## PROBLEM
An exact copy of the entries, with every picture omitted, is what is needed here.
:: DATASET RECORDS ::
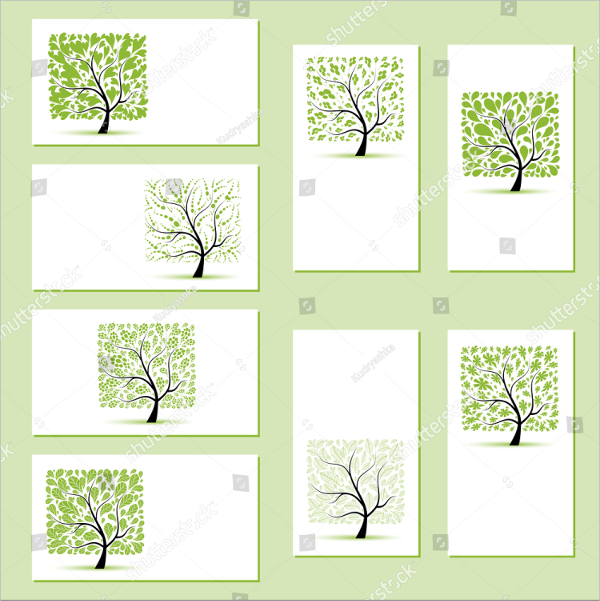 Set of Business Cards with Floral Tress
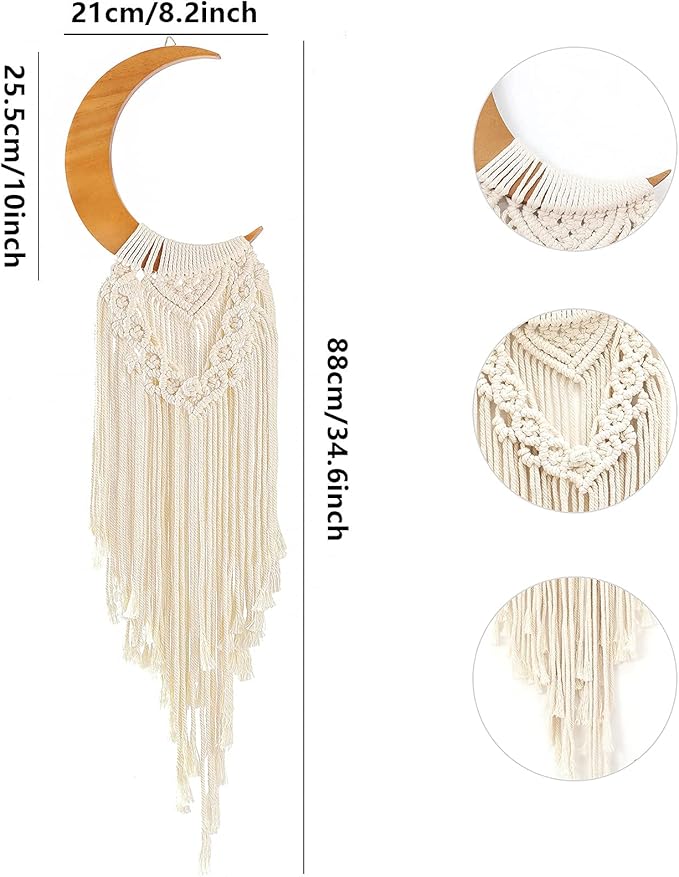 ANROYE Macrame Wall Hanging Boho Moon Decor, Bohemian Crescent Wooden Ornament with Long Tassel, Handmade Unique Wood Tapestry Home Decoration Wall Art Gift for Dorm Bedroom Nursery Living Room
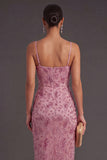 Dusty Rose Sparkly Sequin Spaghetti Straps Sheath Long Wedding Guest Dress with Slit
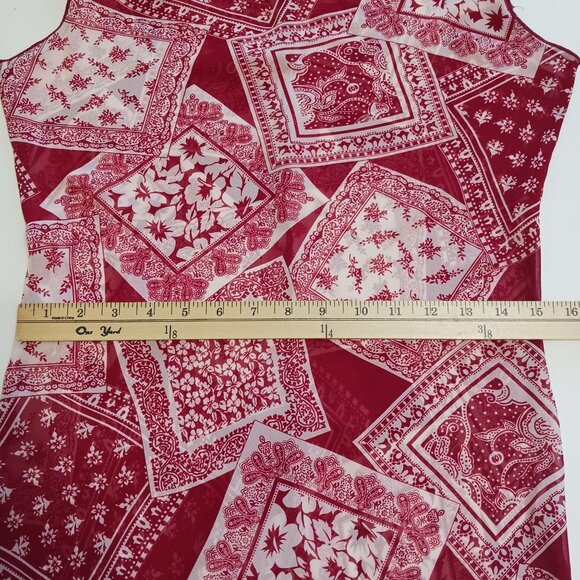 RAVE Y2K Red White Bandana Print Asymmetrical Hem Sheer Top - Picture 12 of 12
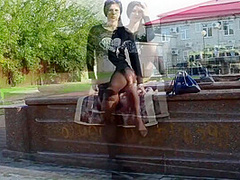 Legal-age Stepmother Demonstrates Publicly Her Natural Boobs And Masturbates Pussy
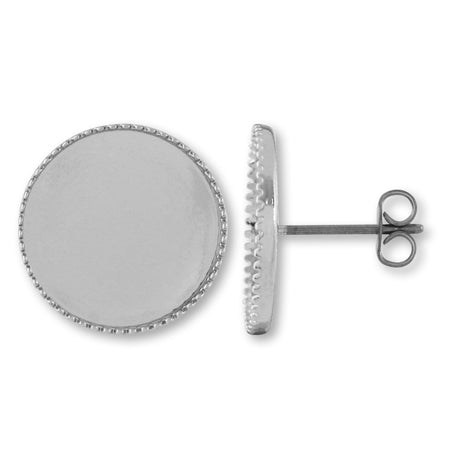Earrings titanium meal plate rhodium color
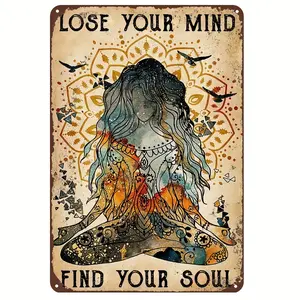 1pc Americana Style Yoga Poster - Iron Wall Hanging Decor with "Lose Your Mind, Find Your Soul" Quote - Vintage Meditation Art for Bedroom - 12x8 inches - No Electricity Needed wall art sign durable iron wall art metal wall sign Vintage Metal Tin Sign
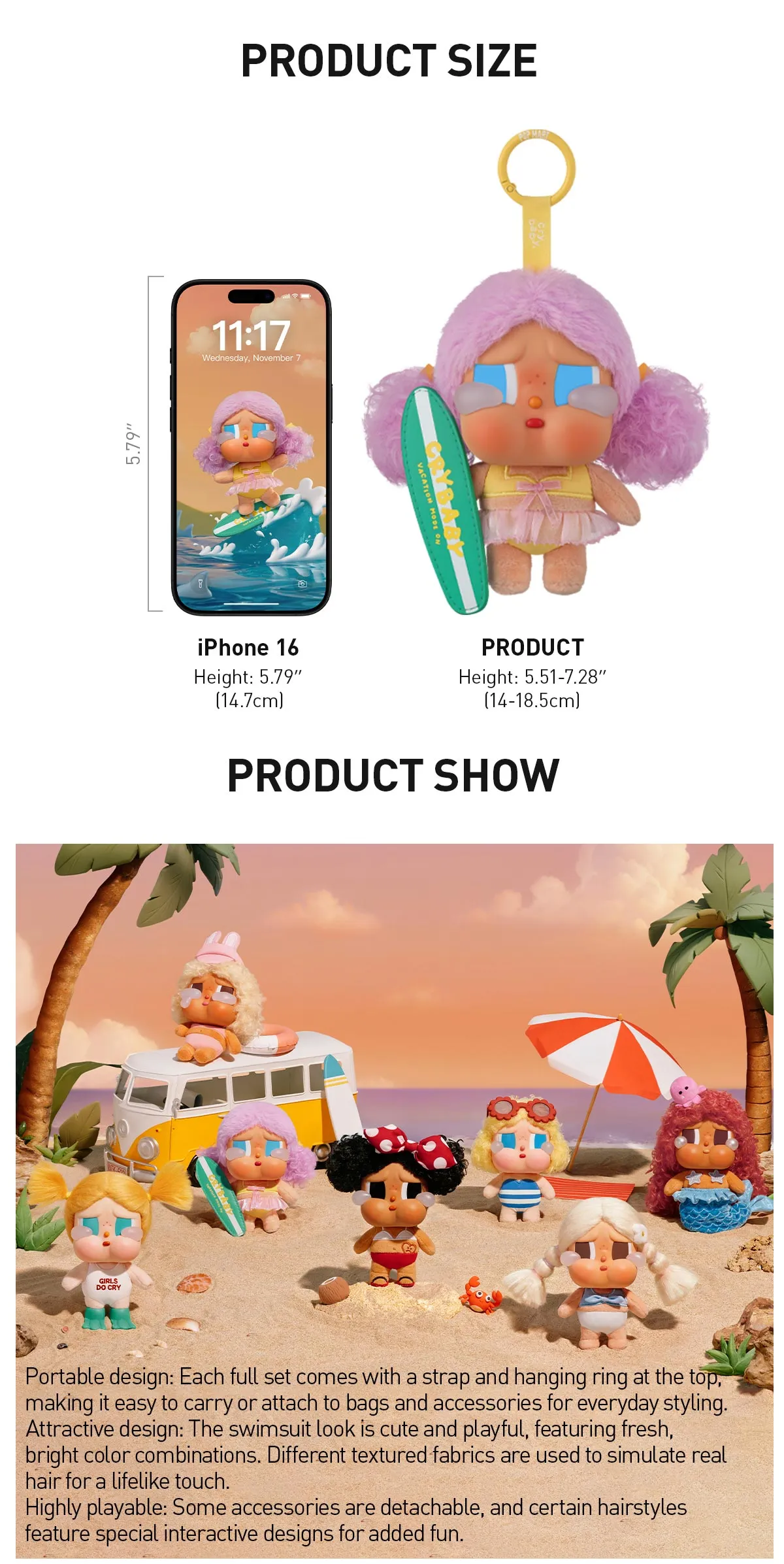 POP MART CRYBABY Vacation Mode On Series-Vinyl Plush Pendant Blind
:::
## WRITTEN SOLUTION
 Set of Business Cards with Floral Tress
 ANROYE Macrame Wall Hanging Boho Moon Decor, Bohemian Crescent Wooden Ornament with Long Tassel, Handmade Unique Wood Tapestry Home Decoration Wall Art Gift for Dorm Bedroom Nursery Living Room
 Dusty Rose Sparkly Sequin Spaghetti Straps Sheath Long Wedding Guest Dress with Slit
 RAVE Y2K Red White Bandana Print Asymmetrical Hem Sheer Top - Picture 12 of 12
 Legal-age Stepmother Demonstrates Publicly Her Natural Boobs And Masturbates Pussy
Earrings titanium meal plate rhodium color
 1pc Americana Style Yoga Poster - Iron Wall Hanging Decor with "Lose Your Mind, Find Your Soul" Quote - Vintage Meditation Art for Bedroom - 12x8 inches - No Electricity Needed wall art sign durable iron wall art metal wall sign Vintage Metal Tin Sign
 POP MART CRYBABY Vacation Mode On Series-Vinyl Plush Pendant Blind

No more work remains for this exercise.